GOAL OF THE EXERCISE:
Some entries follow. Reproduce exactly the lines starting at the one with "My Name Is Shingo Chapter 22 - Page 19" and stopping after the one with "Mieszkanie 2 pokojowie".

DATASET RECORDS:
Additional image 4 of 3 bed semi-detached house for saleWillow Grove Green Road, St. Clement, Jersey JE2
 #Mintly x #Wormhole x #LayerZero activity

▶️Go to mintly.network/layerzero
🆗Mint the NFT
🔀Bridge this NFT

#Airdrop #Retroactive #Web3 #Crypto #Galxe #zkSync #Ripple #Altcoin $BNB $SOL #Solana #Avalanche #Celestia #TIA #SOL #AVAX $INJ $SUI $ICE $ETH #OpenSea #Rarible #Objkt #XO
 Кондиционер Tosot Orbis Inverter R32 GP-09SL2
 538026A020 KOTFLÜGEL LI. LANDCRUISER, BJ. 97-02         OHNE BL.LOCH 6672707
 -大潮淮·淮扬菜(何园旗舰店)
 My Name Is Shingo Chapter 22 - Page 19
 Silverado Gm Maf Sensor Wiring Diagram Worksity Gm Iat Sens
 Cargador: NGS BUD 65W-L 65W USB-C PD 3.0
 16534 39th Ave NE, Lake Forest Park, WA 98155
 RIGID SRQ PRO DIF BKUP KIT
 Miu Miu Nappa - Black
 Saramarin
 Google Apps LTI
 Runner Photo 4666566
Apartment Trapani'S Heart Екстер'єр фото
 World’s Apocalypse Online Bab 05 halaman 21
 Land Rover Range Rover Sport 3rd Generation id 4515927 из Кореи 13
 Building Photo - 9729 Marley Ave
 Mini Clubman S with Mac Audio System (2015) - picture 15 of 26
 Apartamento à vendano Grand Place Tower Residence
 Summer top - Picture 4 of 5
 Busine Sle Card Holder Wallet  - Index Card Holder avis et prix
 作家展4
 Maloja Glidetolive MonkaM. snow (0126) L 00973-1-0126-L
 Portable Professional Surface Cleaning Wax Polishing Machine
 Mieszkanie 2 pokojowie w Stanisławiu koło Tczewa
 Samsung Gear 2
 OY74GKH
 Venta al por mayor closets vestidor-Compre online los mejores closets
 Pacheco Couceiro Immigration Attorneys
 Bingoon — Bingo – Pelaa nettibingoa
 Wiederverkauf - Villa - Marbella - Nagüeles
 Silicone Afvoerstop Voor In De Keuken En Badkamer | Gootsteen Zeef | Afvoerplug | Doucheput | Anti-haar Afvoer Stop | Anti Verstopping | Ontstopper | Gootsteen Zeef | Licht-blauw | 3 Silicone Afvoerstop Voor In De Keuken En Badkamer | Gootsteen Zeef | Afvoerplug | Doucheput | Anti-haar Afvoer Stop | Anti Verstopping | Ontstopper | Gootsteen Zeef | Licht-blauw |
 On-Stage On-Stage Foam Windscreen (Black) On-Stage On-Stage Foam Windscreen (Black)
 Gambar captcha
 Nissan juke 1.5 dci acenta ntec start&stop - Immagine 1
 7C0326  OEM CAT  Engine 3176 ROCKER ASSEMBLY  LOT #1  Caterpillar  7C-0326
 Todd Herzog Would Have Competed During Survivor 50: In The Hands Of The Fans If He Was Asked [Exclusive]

OUTPUT OF THE EXERCISE:
 My Name Is Shingo Chapter 22 - Page 19
 Silverado Gm Maf Sensor Wiring Diagram Worksity Gm Iat Sens
 Cargador: NGS BUD 65W-L 65W USB-C PD 3.0
 16534 39th Ave NE, Lake Forest Park, WA 98155
 RIGID SRQ PRO DIF BKUP KIT
 Miu Miu Nappa - Black
 Saramarin
 Google Apps LTI
 Runner Photo 4666566
Apartment Trapani'S Heart Екстер'єр фото
 World’s Apocalypse Online Bab 05 halaman 21
 Land Rover Range Rover Sport 3rd Generation id 4515927 из Кореи 13
 Building Photo - 9729 Marley Ave
 Mini Clubman S with Mac Audio System (2015) - picture 15 of 26
 Apartamento à vendano Grand Place Tower Residence
 Summer top - Picture 4 of 5
 Busine Sle Card Holder Wallet  - Index Card Holder avis et prix
 作家展4
 Maloja Glidetolive MonkaM. snow (0126) L 00973-1-0126-L
 Portable Professional Surface Cleaning Wax Polishing Machine
 Mieszkanie 2 pokojowie w Stanisławiu koło Tczewa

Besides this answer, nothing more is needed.